A Super Memory Processing Unit Based on 3D Stacking and Hybrid Bonding for High-Efficiency AI Computing
Abstract
DRAM-based in-memory computing integrates computational regions into the main memory, enabling local data processing within the memory, thereby achieving faster and more efficient data computation. However, enhancing system performance requires addressing a critical challenge: achieving more general and sufficiently powerful data processing capabilities within DRAM-PIM. Existing DRAM-PIM implementations often suffer from limited computational capabilities due to the shared standard DRAM package area between memory cells and computational circuits or because the operator circuits are overly customized, which limits their ability to meet required data processing demands. To address this issue, in this paper, we propose a Super Memory Processing Unit (SMPU). The SMPU uses Hybrid Bonding technology to 3D-stack DRAM and many-core computational clusters, enabling large-bandwidth (0.25 TB/s per-bank, 2 TB/s for 8-bank system bandwidth) on-chip data transmission between DRAM and the computational cluster via copper interconnects, effectively breaking the memory wall bottleneck of existing computing architectures.

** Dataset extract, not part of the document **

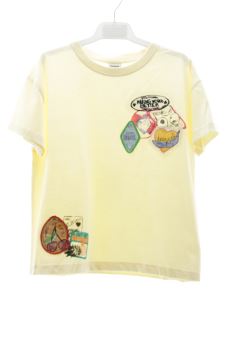 Kurzärmeliges T-Shirt 122 Desigual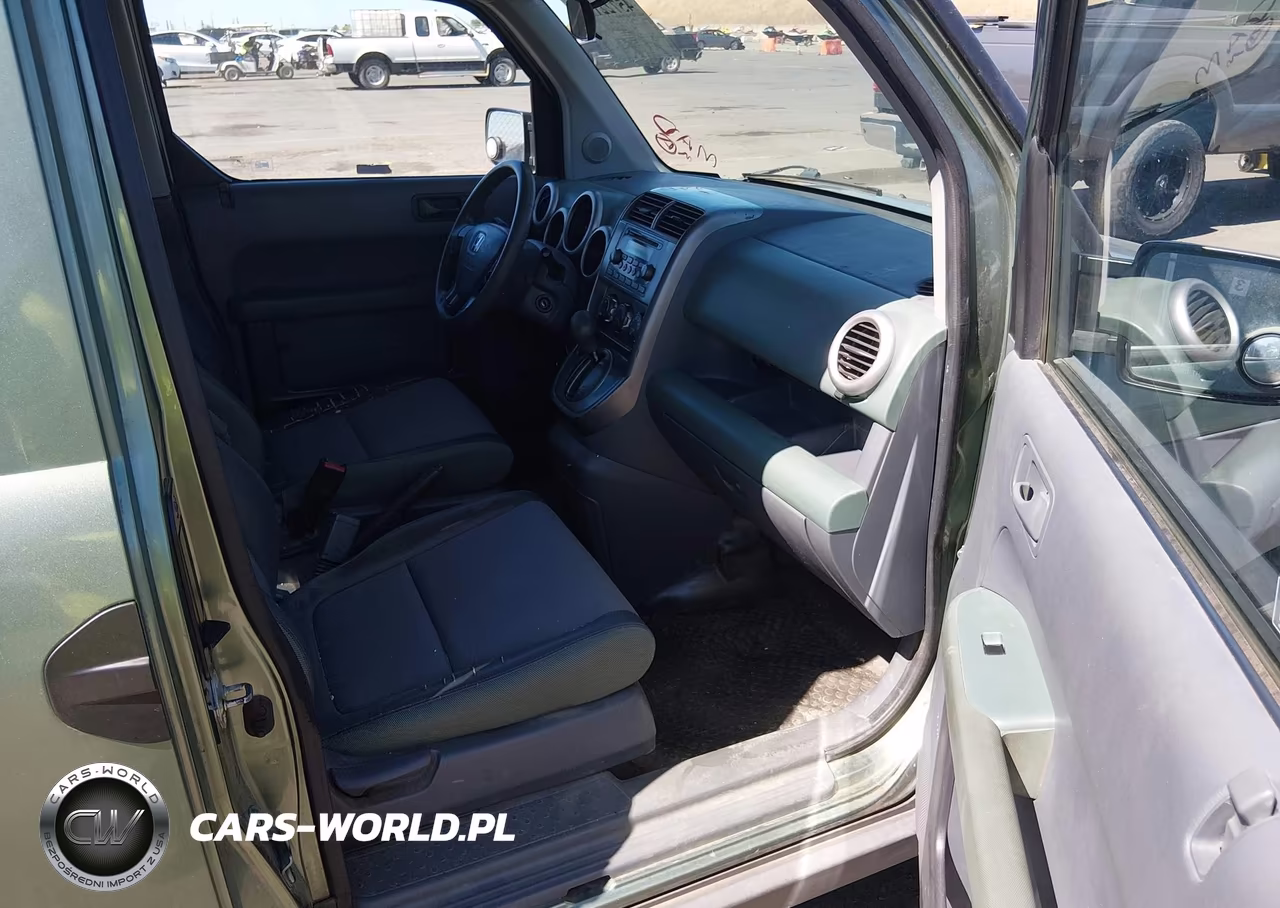 2004 Honda Element Ex VIN:5J6YH28574L010725 - 5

The SMPU constructs a dual-channel fine-grained computational cluster at the logical computing layer, providing flexible and ample computility for various AI models, such as ResNet50 and Llama2. The SMPU uses standard DDR protocols and integrates a new memory space allocation and parsing controller to ensure system compatibility without modifying the host-end hardware, facilitating the integration and invocation of computility in memory particles. Additionally, the SMPU features an independent dual-channel memory-management mechanism within the memory particles, enabling simultaneous multi-channel, multi-modal AI model inference. We compared a CPU system equipped with an SMPU to current computing systems using FPGA simulations. The FPGA simulation results show that, under the same computational configuration, the system with the SMPU improves the performance of ResNet50-v1.5 by up to 5.1× and Llama by up to 27.43× compared to the base system, while reducing system power consumption by 71.6% (ResNet50-v1.5) to 77.8% (Llama 7B).